In the case of a sole proprietor, it may be academic whether a claimed deduction is disallowed or offset by an inclusion in income, see P.P. Sweeten, 3 B.T.A. 37; Fellipo Dicenso, 11 B.T.A. 620; O.D. 998; 5 C.B. 86, yet the fact remains that it is not income.

Is the present case any different in principle because the petitioner, a 32 per cent general partner, alone managed and lived at the hotel while the other partners, owning 68 per cent interests, lived in another city, and does it require a holding that a part of the value of his meals and lodging is taxable income? The distinction, if any, is difficult to perceive. Partners cannot be employees for the purpose of salaries and their ‘salaries‘ are not deductible expenses of the business; neither are the meals and lodging of a managing partner compensation for his services, the reason throughout being that one cannot employ or compensate himself.

A hotel and an ocean liner are comparable for present purposes. Each must have someone in charge at all times. His meals and loading are a part of the ordinary and necessary expense of operating. They are still ordinary and necessary expenses of operating even though this officer is the owner or one of a group of owners. He is there, not for his own personal convenience and benefit so that his expenses are primarily living expenses, but to operate the vessel or the hotel. It is in accordance with sections 22 and 23 of the Internal Revenue Code that the expenses of operation be computed without eliminating small portions of depreciation, cost of food, wages, and general expenses to represent the cost of his meals and lodging and that he be not taxed with the value of his meals and lodging. There may be other similar examples where the business features of a dual item outweighs its personal living expense aspects.

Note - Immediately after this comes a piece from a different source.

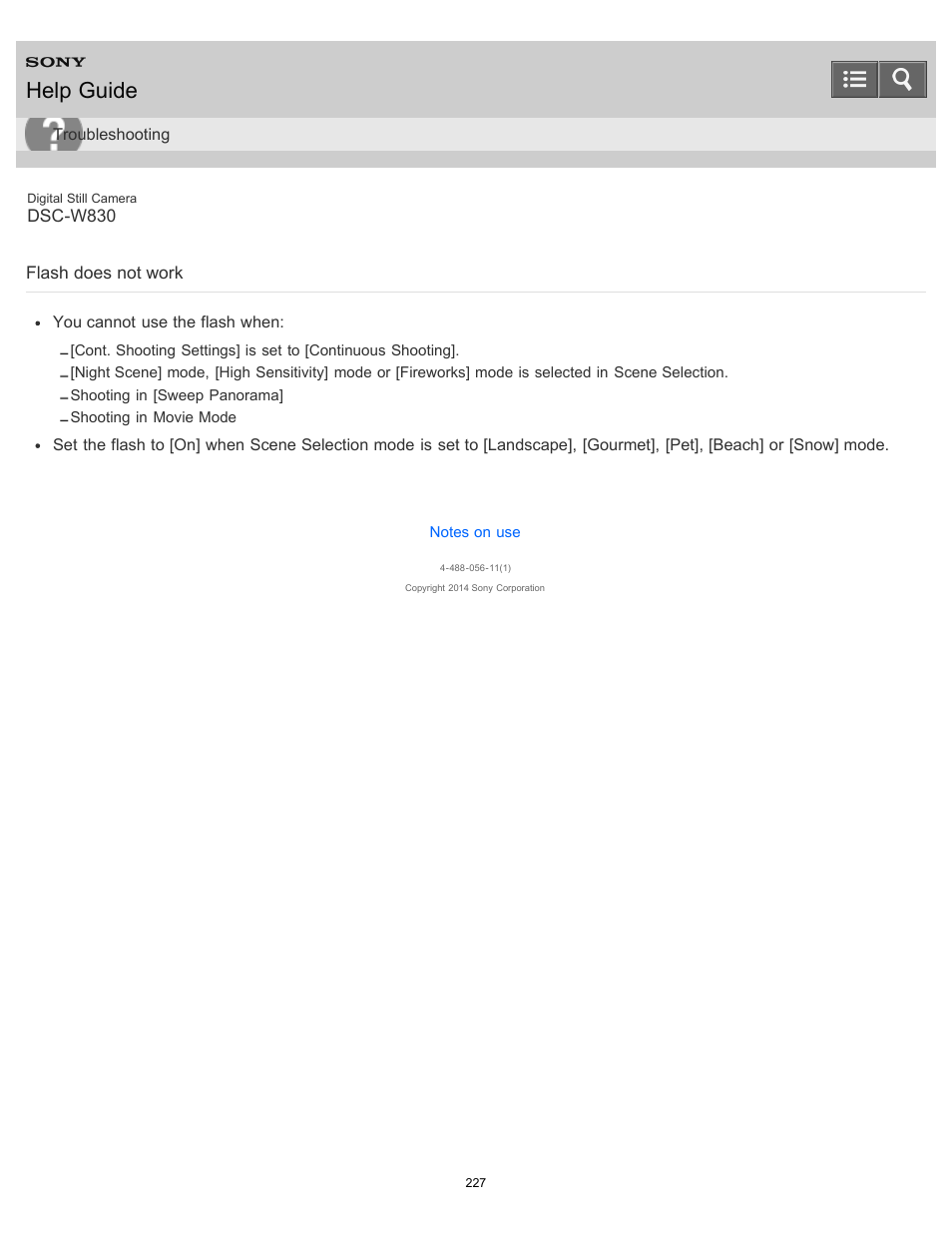 Flash does not work, Help guide | Sony DSC-W830 User Manual | Page 217 / 254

This result does no violence to Regulations 111, section 29.22(a)-3. For example, that regulation is intended to apply to compensation received by one person for personal services to another, while here the petitioner renders the services to himself. Furthermore, it would do the Commissioner no good to reason that although the petitioner furnished himself meals and lodging to the extend of 32 per cent of the total, nevertheless, he received the other 68 per cent as compensation for personal services rendered to the other partners and that 68 per cent of the value of his meals and lodging is taxable income under the regulation. If that reasoning were sound, it would follow necessarily that the petitioner was ‘employed‘ by his associates and the 68 per cent would not be taxable because furnished ‘for the convenience of the employer‘ within the meaning of the same regulation. The Commissioner concedes that he boarded and lodged in the hotel for the convenience of the partnership. The regulation refers throughout to employees, persons who received compensation for services, and if the petitioner were an employee under the taxing part of the regulation, he would also have to be an employee under the exempting sentence of the same regulation. The Commissioner erred in holding that the petitioner received taxable income from the meals and lodging. Helvering v. Independent Life Ins. Co., supra.

Reviewed by the Court.

Decision will be entered under Rule 50.